EXERCISE
The reply should hold only the lines below beginning at the one with "Maison D'Hotes Le" and ending at the one with "Beautiful purple medium dress", copied exactly, with every picture left out.

BEGIN SOURCE MATERIAL

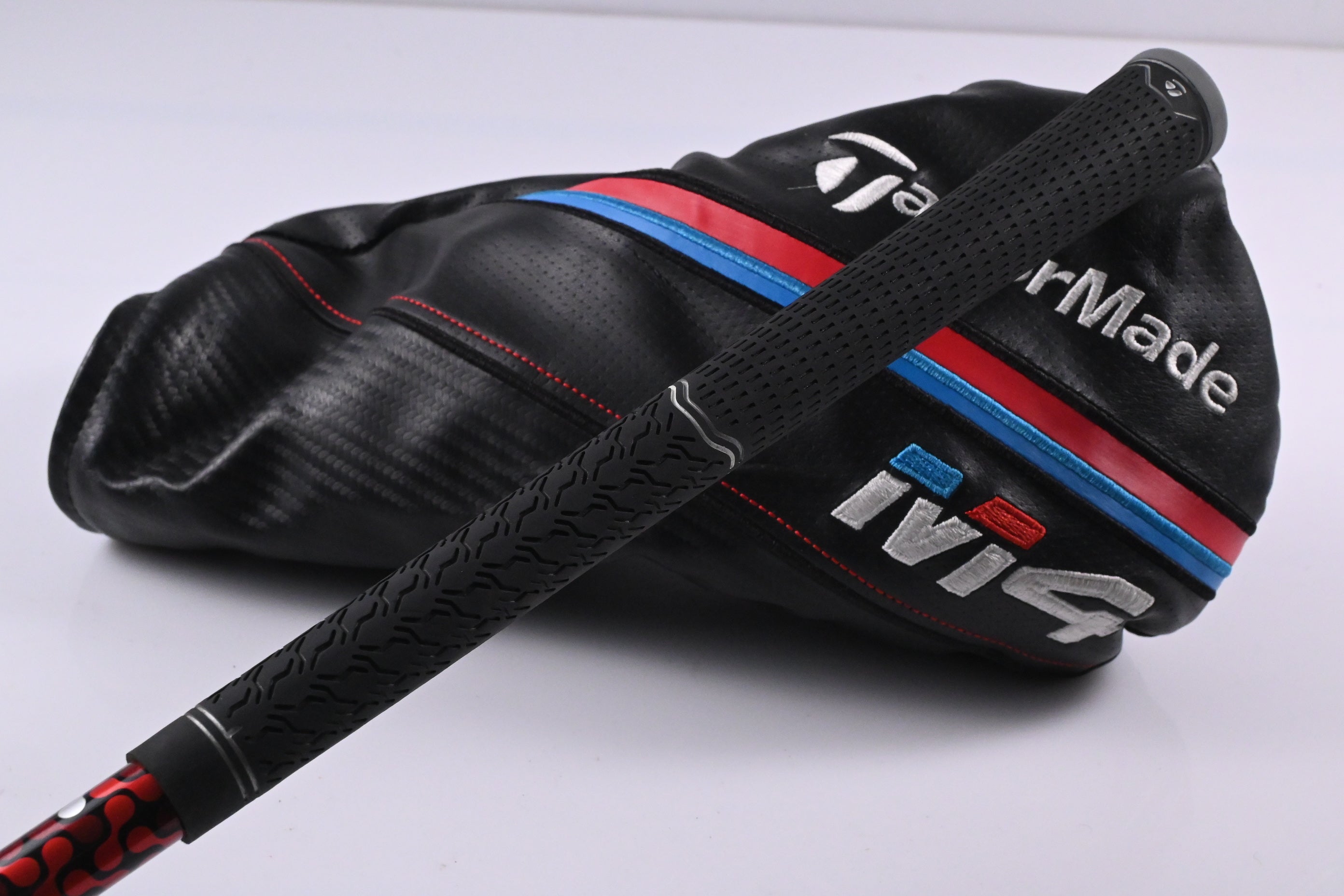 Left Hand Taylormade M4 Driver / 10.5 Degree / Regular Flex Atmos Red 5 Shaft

END SOURCE MATERIAL
BEGIN SOURCE MATERIAL

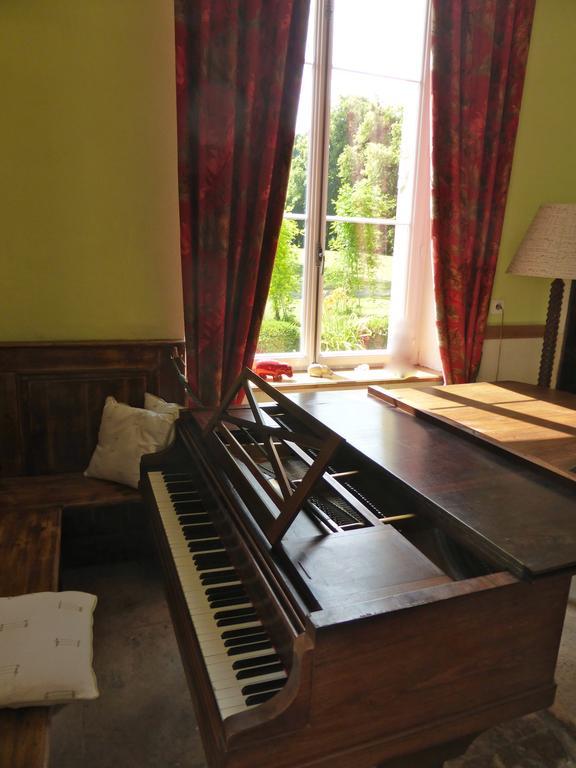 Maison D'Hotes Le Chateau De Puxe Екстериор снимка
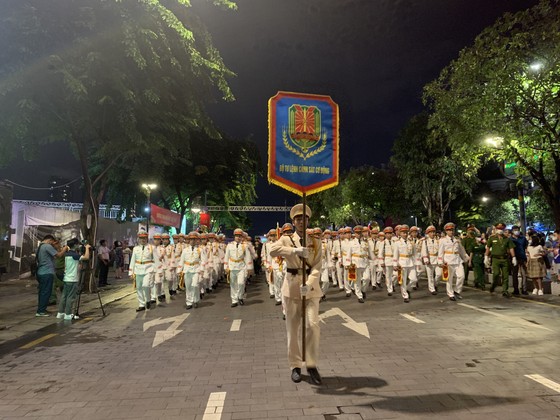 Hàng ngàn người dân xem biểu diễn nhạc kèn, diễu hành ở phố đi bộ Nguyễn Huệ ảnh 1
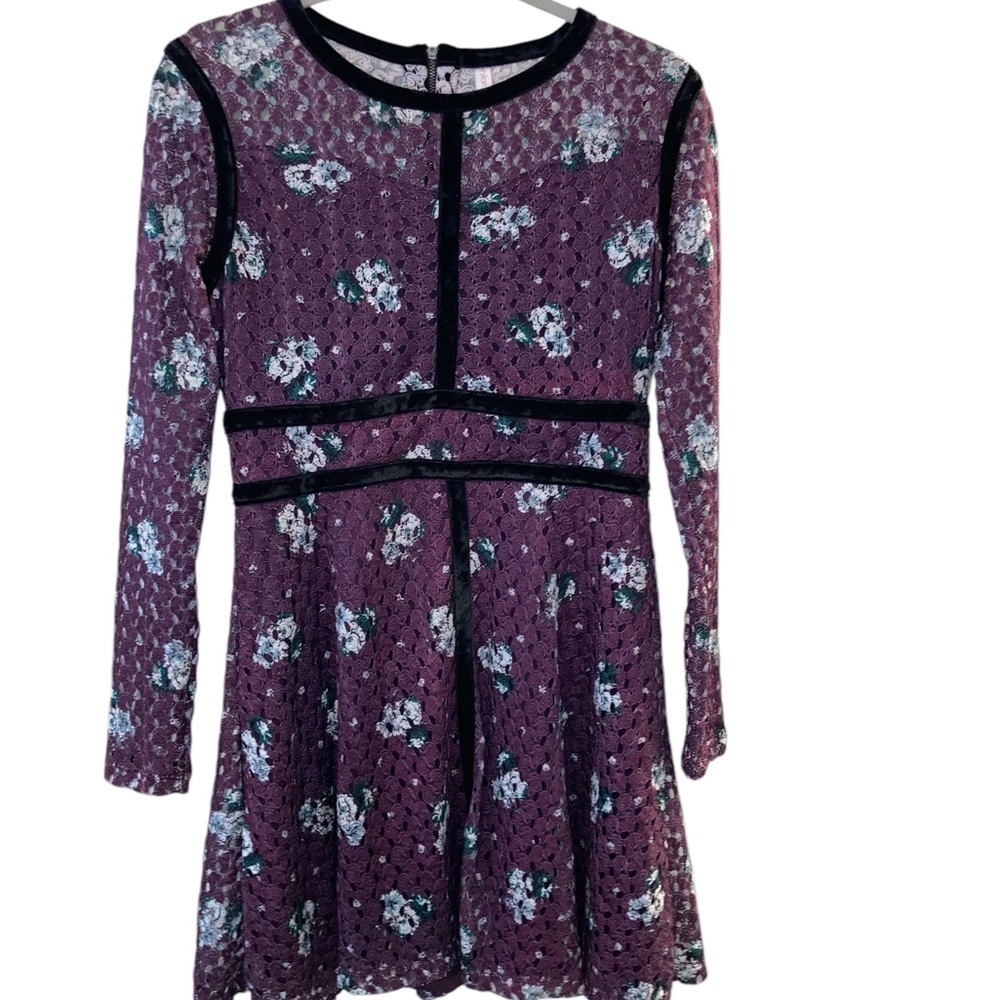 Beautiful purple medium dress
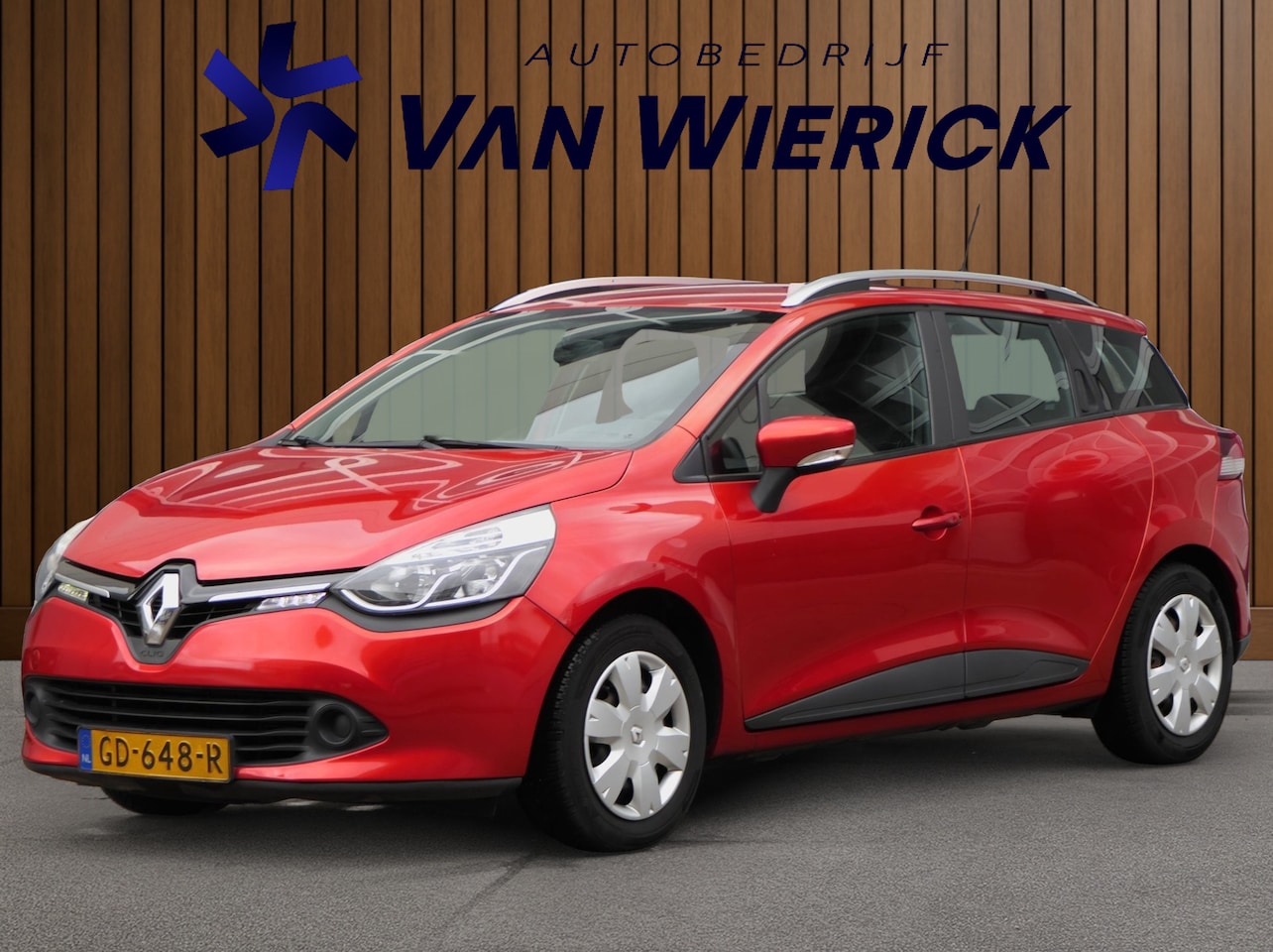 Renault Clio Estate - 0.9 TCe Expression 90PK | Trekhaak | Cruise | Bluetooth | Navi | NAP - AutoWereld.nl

END SOURCE MATERIAL

ANSWER SPACE
 Maison D'Hotes Le Chateau De Puxe Екстериор снимка
 Hàng ngàn người dân xem biểu diễn nhạc kèn, diễu hành ở phố đi bộ Nguyễn Huệ ảnh 1
 Beautiful purple medium dress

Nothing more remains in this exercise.